## ASSIGNED TASK
An exact reproduction of all the entries below is required.

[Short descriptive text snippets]
-- Opening Marker --
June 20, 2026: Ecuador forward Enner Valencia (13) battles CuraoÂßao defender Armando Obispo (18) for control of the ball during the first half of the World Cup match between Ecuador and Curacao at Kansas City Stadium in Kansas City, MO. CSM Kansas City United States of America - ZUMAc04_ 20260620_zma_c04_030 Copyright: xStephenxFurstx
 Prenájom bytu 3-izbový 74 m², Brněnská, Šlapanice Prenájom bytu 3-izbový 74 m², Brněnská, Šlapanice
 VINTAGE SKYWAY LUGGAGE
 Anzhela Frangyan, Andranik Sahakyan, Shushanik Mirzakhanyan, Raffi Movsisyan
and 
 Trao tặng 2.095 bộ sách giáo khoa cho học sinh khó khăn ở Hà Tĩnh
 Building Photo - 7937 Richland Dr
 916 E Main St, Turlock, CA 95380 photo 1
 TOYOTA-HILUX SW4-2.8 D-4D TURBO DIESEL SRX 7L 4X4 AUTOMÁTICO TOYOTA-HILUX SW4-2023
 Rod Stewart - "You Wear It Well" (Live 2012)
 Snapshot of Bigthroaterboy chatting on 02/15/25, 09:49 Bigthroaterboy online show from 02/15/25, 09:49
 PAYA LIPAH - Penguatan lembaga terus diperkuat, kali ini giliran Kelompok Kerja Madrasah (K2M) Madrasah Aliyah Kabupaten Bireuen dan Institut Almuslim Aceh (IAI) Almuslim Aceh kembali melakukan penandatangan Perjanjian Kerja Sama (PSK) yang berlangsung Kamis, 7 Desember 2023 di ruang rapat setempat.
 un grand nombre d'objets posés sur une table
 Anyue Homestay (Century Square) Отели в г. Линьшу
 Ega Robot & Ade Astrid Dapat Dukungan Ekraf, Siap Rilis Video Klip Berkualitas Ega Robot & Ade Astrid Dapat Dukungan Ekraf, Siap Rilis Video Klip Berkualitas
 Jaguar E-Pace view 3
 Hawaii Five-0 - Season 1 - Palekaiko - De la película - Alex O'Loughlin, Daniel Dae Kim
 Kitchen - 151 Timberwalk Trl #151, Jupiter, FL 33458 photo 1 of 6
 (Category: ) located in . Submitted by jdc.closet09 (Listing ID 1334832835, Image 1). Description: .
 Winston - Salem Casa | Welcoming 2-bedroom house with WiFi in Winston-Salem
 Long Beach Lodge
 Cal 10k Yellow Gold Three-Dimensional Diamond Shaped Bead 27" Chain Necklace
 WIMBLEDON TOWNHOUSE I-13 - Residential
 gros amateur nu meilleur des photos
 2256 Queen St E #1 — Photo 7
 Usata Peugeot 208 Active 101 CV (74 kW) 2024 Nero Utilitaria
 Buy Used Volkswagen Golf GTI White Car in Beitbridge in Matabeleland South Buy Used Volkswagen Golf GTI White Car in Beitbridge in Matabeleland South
-- Closing Marker --
## RESULT BELOW
June 20, 2026: Ecuador forward Enner Valencia (13) battles CuraoÂßao defender Armando Obispo (18) for control of the ball during the first half of the World Cup match between Ecuador and Curacao at Kansas City Stadium in Kansas City, MO. CSM Kansas City United States of America - ZUMAc04_ 20260620_zma_c04_030 Copyright: xStephenxFurstx
 Prenájom bytu 3-izbový 74 m², Brněnská, Šlapanice Prenájom bytu 3-izbový 74 m², Brněnská, Šlapanice
 VINTAGE SKYWAY LUGGAGE
 Anzhela Frangyan, Andranik Sahakyan, Shushanik Mirzakhanyan, Raffi Movsisyan
and 
 Trao tặng 2.095 bộ sách giáo khoa cho học sinh khó khăn ở Hà Tĩnh
 Building Photo - 7937 Richland Dr
 916 E Main St, Turlock, CA 95380 photo 1
 TOYOTA-HILUX SW4-2.8 D-4D TURBO DIESEL SRX 7L 4X4 AUTOMÁTICO TOYOTA-HILUX SW4-2023
 Rod Stewart - "You Wear It Well" (Live 2012)
 Snapshot of Bigthroaterboy chatting on 02/15/25, 09:49 Bigthroaterboy online show from 02/15/25, 09:49
 PAYA LIPAH - Penguatan lembaga terus diperkuat, kali ini giliran Kelompok Kerja Madrasah (K2M) Madrasah Aliyah Kabupaten Bireuen dan Institut Almuslim Aceh (IAI) Almuslim Aceh kembali melakukan penandatangan Perjanjian Kerja Sama (PSK) yang berlangsung Kamis, 7 Desember 2023 di ruang rapat setempat.
 un grand nombre d'objets posés sur une table
 Anyue Homestay (Century Square) Отели в г. Линьшу
 Ega Robot & Ade Astrid Dapat Dukungan Ekraf, Siap Rilis Video Klip Berkualitas Ega Robot & Ade Astrid Dapat Dukungan Ekraf, Siap Rilis Video Klip Berkualitas
 Jaguar E-Pace view 3
 Hawaii Five-0 - Season 1 - Palekaiko - De la película - Alex O'Loughlin, Daniel Dae Kim
 Kitchen - 151 Timberwalk Trl #151, Jupiter, FL 33458 photo 1 of 6
 (Category: ) located in . Submitted by jdc.closet09 (Listing ID 1334832835, Image 1). Description: .
 Winston - Salem Casa | Welcoming 2-bedroom house with WiFi in Winston-Salem
 Long Beach Lodge
 Cal 10k Yellow Gold Three-Dimensional Diamond Shaped Bead 27" Chain Necklace
 WIMBLEDON TOWNHOUSE I-13 - Residential
 gros amateur nu meilleur des photos
 2256 Queen St E #1 — Photo 7
 Usata Peugeot 208 Active 101 CV (74 kW) 2024 Nero Utilitaria
 Buy Used Volkswagen Golf GTI White Car in Beitbridge in Matabeleland South Buy Used Volkswagen Golf GTI White Car in Beitbridge in Matabeleland South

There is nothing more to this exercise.